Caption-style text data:
○ ○ ○ ○ ○

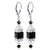 Black Cube Austrian Crystal 925 Sterling Silver Leverback Drop Earrings - Gem Avenue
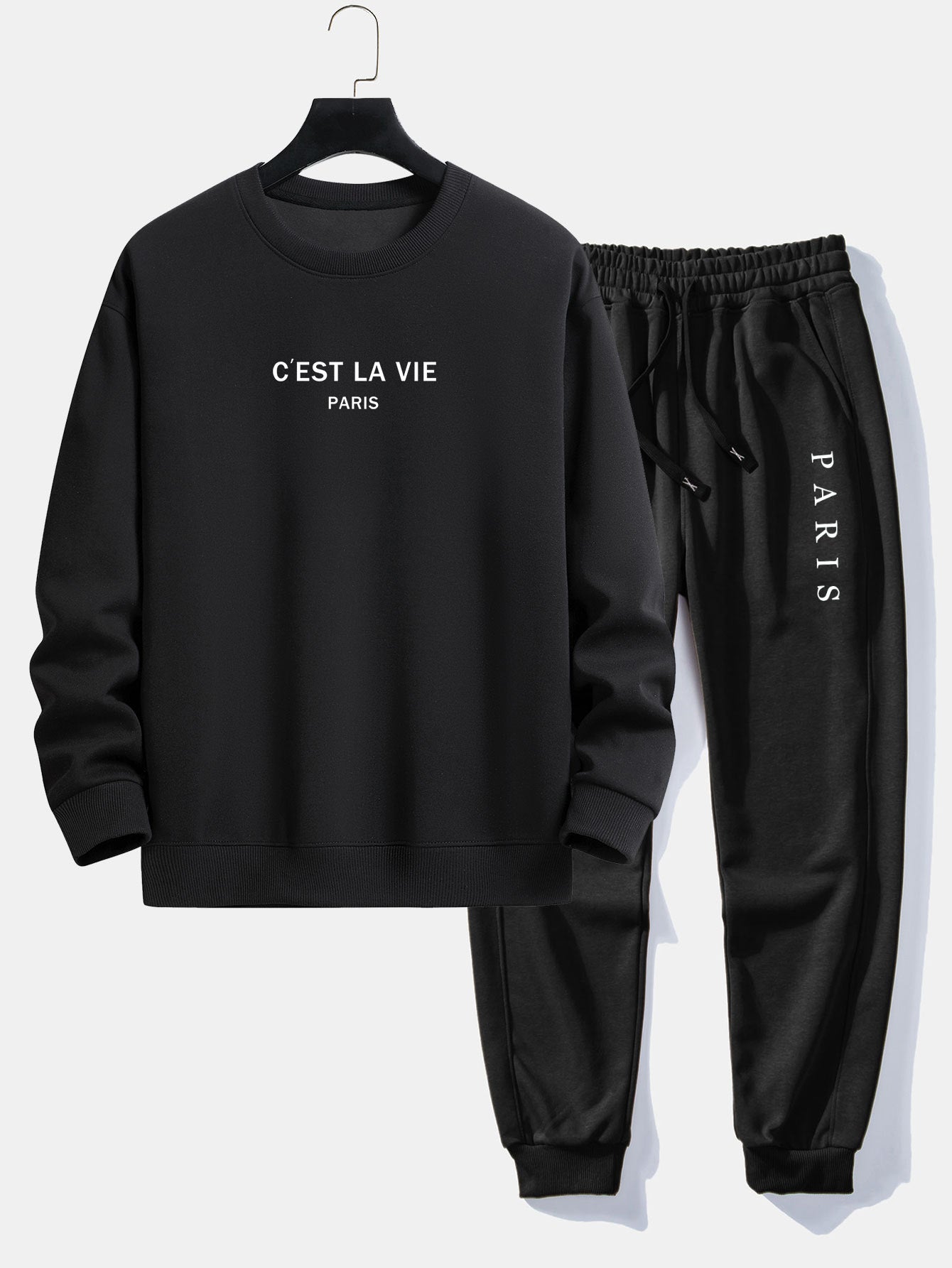Ensemble Améline — sweat à col rond coupe décontractée à slogan Paris & pantalon de jogging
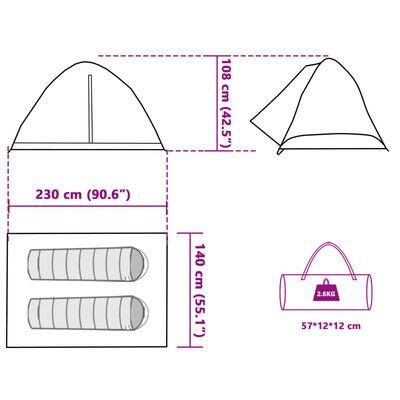 vidaXL Tente de camping à dôme 2 personnes gris et orange imperméable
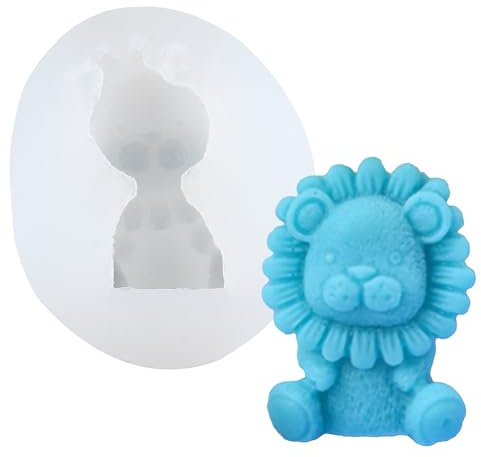 XIAOSHUI Molde de silicona 3D con diseño de león de dibujos animados, moldes de yeso de resina animal para hacer velas, resina, aromaterapia, yeso, cera, jabón, arcilla y manualidades
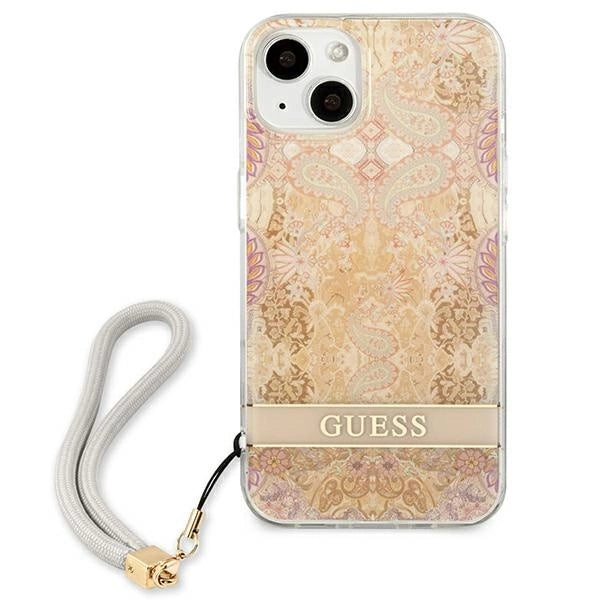 Guess GUHCP13SHFLSD iPhone 13 mini 5.4" gold/gold hardcase Flower Strap_2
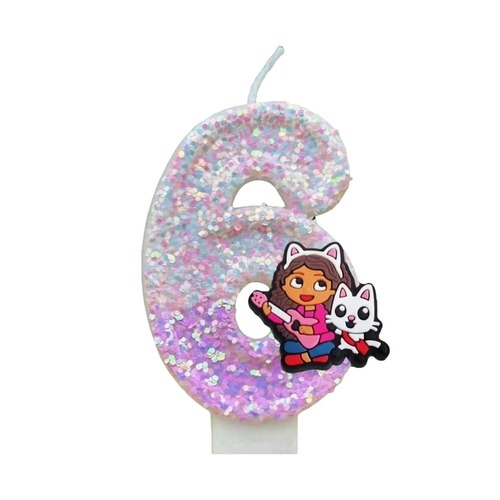 Gabby Themed Birthday Candle Number Six 1 Gabby Themed Birthday Candle Number Six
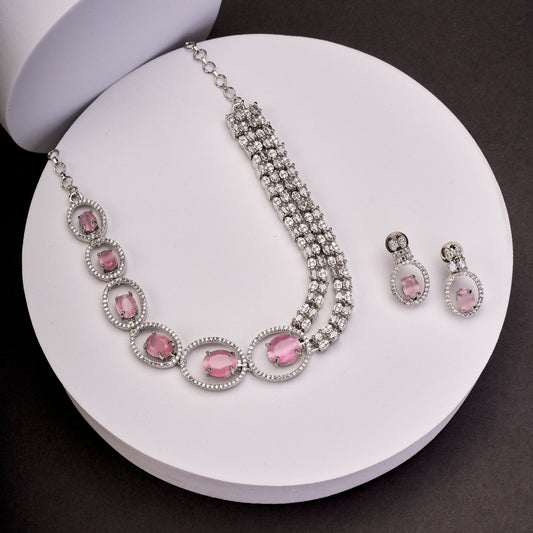 Necklace - Daisy Royale Rhodium Necklace - Opal Touch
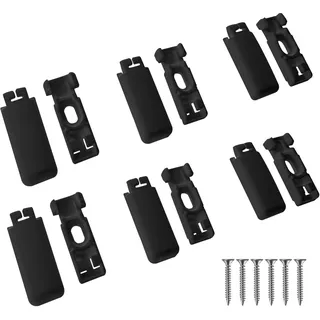 6Kit 12 Stück Spannschuhe für verspannte Plissees,Plissee Ersatzteile klemmträger,für Klebeträger und Stick & Fix Front Klebeplatten(schwarz)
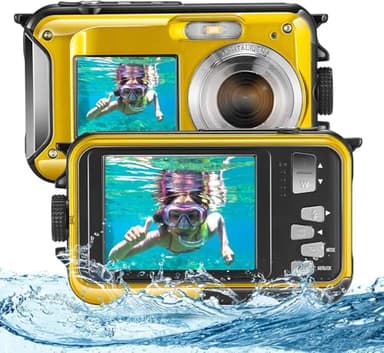 Helangel Fotocamera Impermeabile Digitale Full HD 2.7K 48MP, Subacquea Con Zoom 16x e Doppio Schermo per Adolescenti, Studenti, Principianti - Giallo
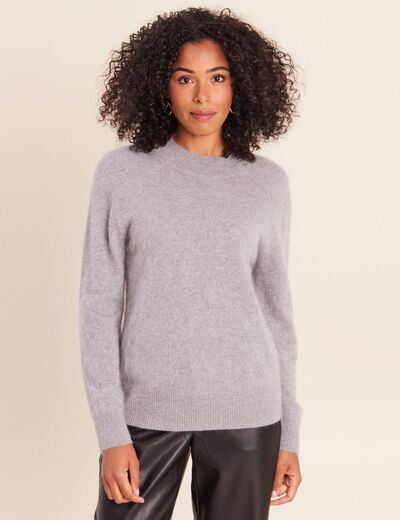 Pull cachemire col montant gris clair femme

○ ○ ○ ○ ○

[Action item]
Leave out the pictures and restate, word for word, the lines from the top of the data through the line containing "Guess GUHCP13SHFLSD iPhone", both included.

[Task result]
 Black Cube Austrian Crystal 925 Sterling Silver Leverback Drop Earrings - Gem Avenue
Ensemble Améline — sweat à col rond coupe décontractée à slogan Paris & pantalon de jogging
 vidaXL Tente de camping à dôme 2 personnes gris et orange imperméable
 XIAOSHUI Molde de silicona 3D con diseño de león de dibujos animados, moldes de yeso de resina animal para hacer velas, resina, aromaterapia, yeso, cera, jabón, arcilla y manualidades
 Guess GUHCP13SHFLSD iPhone 13 mini 5.4" gold/gold hardcase Flower Strap_2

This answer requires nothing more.